◆ WHAT THIS TASK INVOLVES ◆
All of the data below should be set down again verbatim, without any images.

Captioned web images
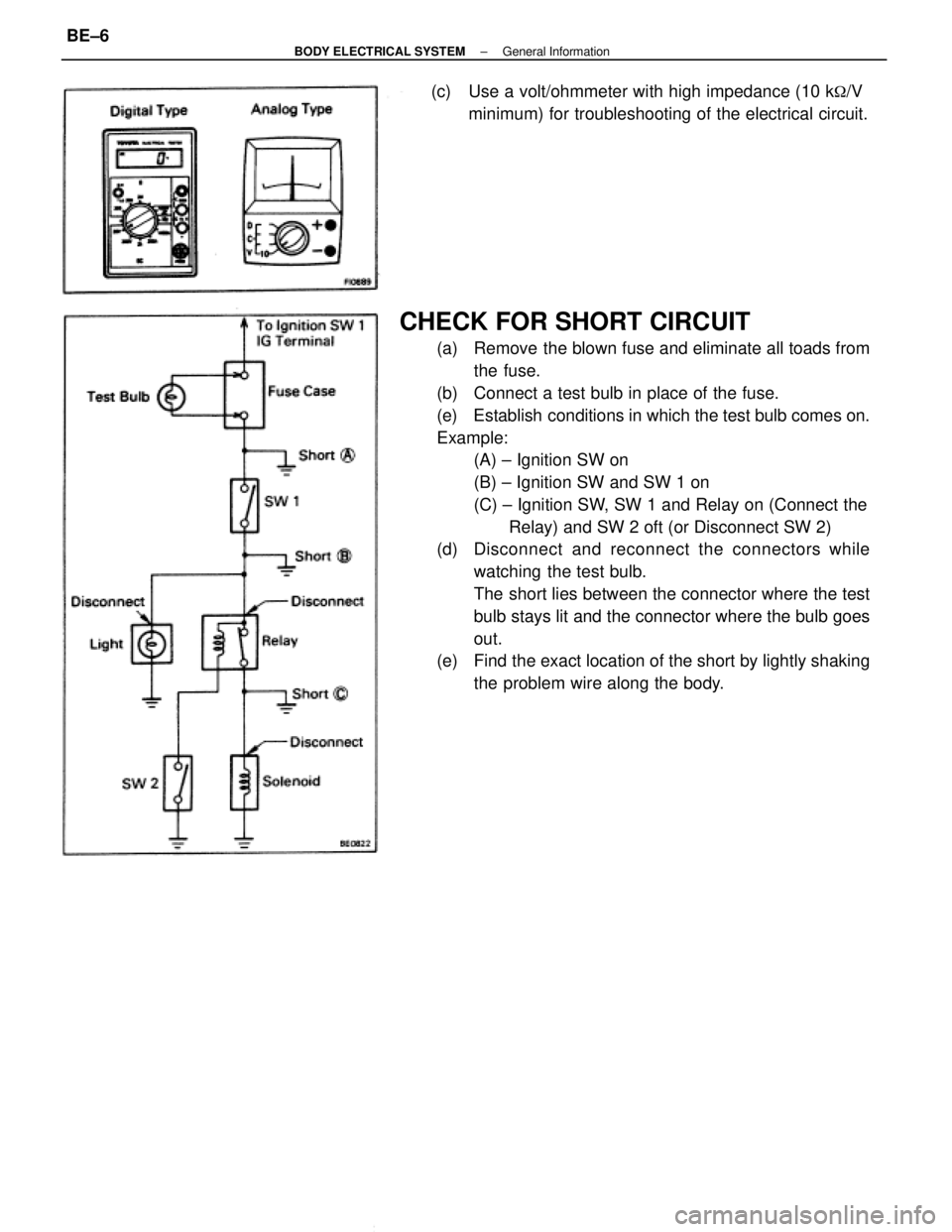 TOYOTA CAMRY V20 1986  Service Information CHECK FOR SHORT CIRCUIT
(a)  Remove the blown fuse and eliminate all toads from
the fuse.
(b)  Connect a test bulb in place of the fuse.
(e)  Establish conditions in which the test bulb comes on.
Exam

◆ EXERCISE OUTPUT ◆
 TOYOTA CAMRY V20 1986  Service Information CHECK FOR SHORT CIRCUIT
(a)  Remove the blown fuse and eliminate all toads from
the fuse.
(b)  Connect a test bulb in place of the fuse.
(e)  Establish conditions in which the test bulb comes on.
Exam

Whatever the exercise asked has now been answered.